Here’s the ideal breakfast TV show, one that would work brilliantly on that 14-inch portable at the base of your bed: an abstract collage of soothing shapes and colours undulating in time to some muffled ambient throb, suddenly interrupted half an hour later by a maniac with a foghorn shrieking ‘LATE FOR WORK!’ at the top of his voice.
But that isn’t on, so what are your options? Well, BBC1 has a rolling new programme called Breakfast. Not ‘Breakfast News’, or ‘Breakfast Report’, or ‘Breakfast Briefing’: just Breakfast – which means the presenters sometimes
say, ‘Good morning, you’re watching Breakfast.’ Weird.

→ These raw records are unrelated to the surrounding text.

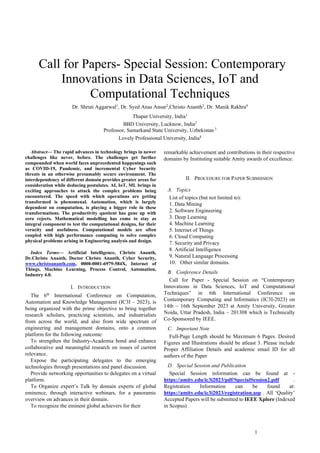 1
 Call for Papers- Special Session: Contemporary
Innovations in Data Sciences, IoT and
Computational Techniques
Dr. Shruti Aggarwal1
, Dr. Syed Anas Ansar2
,Christo Ananth3
, Dr. Manik Rakhra4
Thapar University, India1
BBD University, Lucknow, India2
Professor, Samarkand State University, Uzbekistan 3
Lovely Professional University, India4
Abstract— The rapid advances in technology brings in newer
challenges like never, before. The challenges get further
compounded when world faces unprecedented happenings such
as COVID-19, Pandemic, and incremental Cyber Security
threats in an otherwise presumably secure environment. The
interdependency of different domain provides greater areas for
consideration while deducing postulates. AI, IoT, ML brings in
exciting approaches to attack the complex problems being
encountered. The speed with which operations are getting
transformed is phenomenal. Automation, which is largely
dependent on computation, is playing a bigger role in these
transformations. The productivity quotient has gone up with
zero rejects. Mathematical modelling has come to stay as
integral component to test the computational designs, for their
veracity and usefulness. Computational models are often
coupled with high performance computing to solve complex
physical problems arising in Engineering analysis and design.
Index Terms— Artificial Intelligence, Christo Ananth,
Dr.Christo Ananth, Doctor Christo Ananth, Cyber Security,
www.christoananth.com, 0000-0001-6979-584X, Internet of
Things, Machine Learning, Process Control, Automation,
Industry 4.0.
I. INTRODUCTION
The 6th
International Conference on Computation,
Automation and Knowledge Management (IC3I – 2023), is
being organized with the prime objective to bring together
research scholars, practicing scientists, and industrialists
from across the world, and also from wide spectrum of
engineering and management domains, onto a common
platform for the following outcome:
To strengthen the Industry-Academia bond and enhance
collaborative and meaningful research on issues of current
relevance.
Expose the participating delegates to the emerging
technologies through presentations and panel discussion.
Provide networking opportunities to delegates on a virtual
platform.
To Organize expert’s Talk by domain experts of global
eminence, through interactive webinars, for a panoramic
overview on advances in their domain.
To recognize the eminent global achievers for their
remarkable achievement and contributions in their respective
domains by Instituting suitable Amity awards of excellence.
II. PROCEDURE FOR PAPER SUBMISSION
A. Topics
List of topics (but not limited to):
1. Data Mining
2. Software Engineering
3. Deep Learning
4. Machine Learning
5. Internet of Things
6. Cloud Computing
7. Security and Privacy
8. Artificial Intelligence
9. Natural Language Processing
10. Other similar domains.
B. Conference Details
Call for Paper - Special Session on “Contemporary
Innovations in Data Sciences, IoT and Computational
Techniques” in 6th International Conference on
Contemporary Computing and Informatics (IC3I-2023) on
14th – 16th September 2023 at Amity University, Greater
Noida, Uttar Pradesh, India – 201308 which is Technically
Co-Sponsored by IEEE.
C. Important Note
Full-Page Length should be Maximum 6 Pages. Desired
Figures and Illustrations should be atleast 3. Please include
Proper Affiliation Details and academic email ID for all
authors of the Paper
D. Special Session and Publication
Special Session information can be found at -
https://amity.edu/ic3i2023/pdf/SpecialSession2.pdf .
Registration Information can be found at:
https://amity.edu/ic3i2023/registration.asp . All ‘Quality’
Accepted Papers will be submitted to IEEE Xplore (Indexed
in Scopus)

It gets weirder: Breakfast is described as a ‘relaxed’ current-affairs show – which means you’re confronted with newsreaders sitting on a sofa. Newsreaders who smile and want to be your friend. They grin a parental grin as you stumble into the room, still dazed from dreamland, blinking, yawning, and scratching at your hair. Look! They’ve poured you a mug of coffee and fanned the day’s papers across the table. They’re watching you with the serene patience of cult members.

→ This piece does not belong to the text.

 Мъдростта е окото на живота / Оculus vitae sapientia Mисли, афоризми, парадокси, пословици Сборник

‘Hello. Hope you slept OK. You did? Hey, that’s great!’
You notice the breezy colour scheme and the onscreen clock in the corner. The one that tells the time in that typeface, that impersonal font the brand-conscious Beeb use for everything these days. Your hosts pause and emit a loud cough.
‘Um. Now, look – we don’t want to worry you, but there was a bit of Armageddon while you were slumbering.’
Armageddon? ARMAGEDDON?
Reassuring smile.
‘Yes! Isn’t it exciting?’
No – God, no! Don’t let this happen. We don’t want laid-back newsreaders flopping about on sofas, cutting us knobbly slices of rustic bread. It isn’t right. We want stern-faced Peter Sissons types sitting bolt upright and staring straight through our skulls, booming information like a 500-foot Tannoy of the Apocalypse. Unless there’s a major news event billowing, you’d have to be crazy to watch Breakfast voluntarily. It’s just too bloody creepy.